Rust Iterators Beyond the Basics, Part I – Building Blocks

Iterators are heavily used across codebases in Rust, making it worthwhile to understand them in detail, beyond just the basics. In this blog post series, we will discuss topics that every beginner-to-intermediate-level Rust developer must keep in mind. For those with a limited understanding of Rust iterators, it is advisable to first read through the corresponding section of The Rust Programming Language. Reading the documentation for the std::iter module is also highly beneficial since it will give a comprehensive overview of the iterator functionality provided by the Rust standard library.

This multipart series focuses on Rust iterators, covering both the specifics of their implementation and some practical use cases.

Iterator traits, structures, and adapters

Programming is largely about processing data that originates from various sources and is typically divided into manageable elements. An iterator is an object that enables us to fetch the next element from a data source in a seamless manner. The richness of the ecosystem that emerges from such basic concepts is truly astonishing.

Iterator origins
The concept of iterators is not a modern innovation. Its roots can be traced back to the 1970s and the development of the CLU programming language by Barbara Liskov and her team at MIT. Unlike the iterators we’re familiar with today, CLU’s iterators functioned more like generators, yielding elements instead of merely providing a method to fetch them. Despite this nuanced difference, the foundational idea of traversing through an unspecified sequence of elements was clearly present in CLU, marking a significant milestone in programming language design.
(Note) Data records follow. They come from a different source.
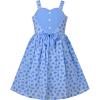 Sunny Fashion Girls Dress Heart Print Pink(Blue Flower)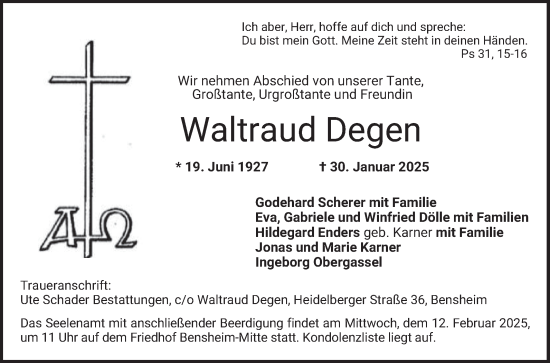 Traueranzeige von Waltraud Degen von Bergsträßer Anzeiger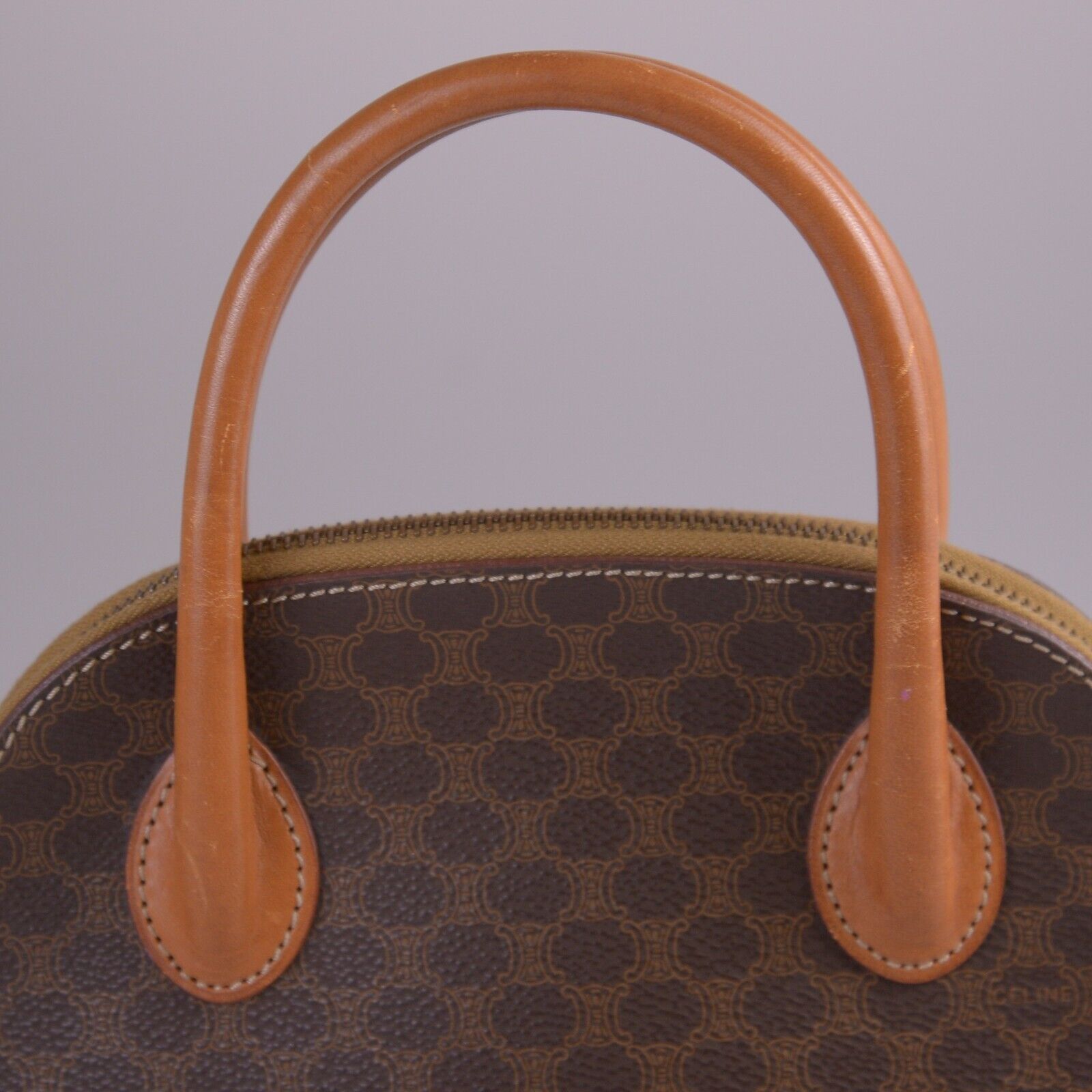 Celine Macadam Monogram Mini Leather Bag Brown
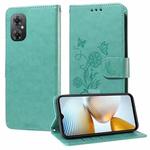 For Xiaomi Poco M4 5G / M5 4G India Embossed Butterfly Flowers Leather Phone Case(Green)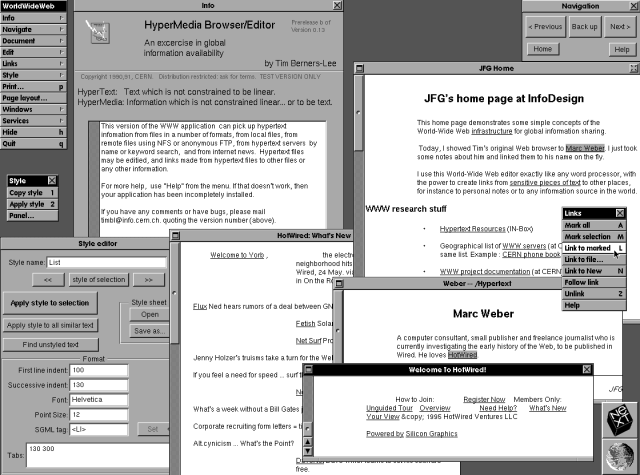 Tim Berners-Lee's Web browser from 1993.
In Rust, the fundamental piece of iterator functionality comes in the form of a trait:

pub trait Iterator {
   type Item;
   fn next(&mut self) -> Option<Self::Item>;
}

The full definition of this trait is extensive, spanning over 4,000 lines of code and documentation. However, the foundation of iterator functionality in Rust is built upon two key components:

  • The type of the elements being iterated over.
  • The next function, which fetches the next element if one is available.

The next function is crucial as it provides the data for a single iteration within the entire data source processing loop, facilitating sequential access to elements.

Generality
Rust iterators are not bound to specific types of elements; instead, they rely on the associated type feature of traits. This approach ensures that implementations are able to maintain a high level of generality. Furthermore, it means that iterating over elements does not necessitate in-depth knowledge of those elements. Finally, the acceptance of generic types removes any need to duplicate code for different types.

A key aspect of the iterator definition in Rust is its deliberate omission of a specific data source. While the structures implementing the Iterator trait often reference a data source or encapsulate an algorithm to generate new elements, decoupling the trait from these sources enhances its flexibility.

The implementation of an iterator, however, is closely tied to the nature of its data source. For continuous blocks of equally sized elements stored in memory, such as arrays or slices, the implementation may simply involve maintaining an offset for the current element and incrementing this offset when fetching the next element. In Rust, these implementations typically manifest as structs with members referencing specific data sources. They detail the exact locations within these sources and allow them to be fetched on request.

Implementing the next method often suffices, but in some instances, it may be beneficial to override other Iterator methods to achieve more efficient operations.

This approach enables the creation of iterators that can traverse a wide variety of data sources, including arrays, strings, sets, hash maps, and other data structures, as well as input streams, environment variables, regular expression matches, command-line arguments, and much more.

Uniformity
Iterators make it easier to work with different kinds of data and help us treat them all the same way in later steps. As a result, we can handle all types of data and mix various steps together in numerous possible ways. This uniform approach makes it easier to explain big ideas, making code easier to understand and reuse. Soon after the idea of iterators came about, it was clear that having a standard way of processing each piece of data helped to establish common methods of working with said data. These common methods can be used on any type of data. Naming these methods makes it easier to understand what is happening with the data and is better for clarity than just using loops.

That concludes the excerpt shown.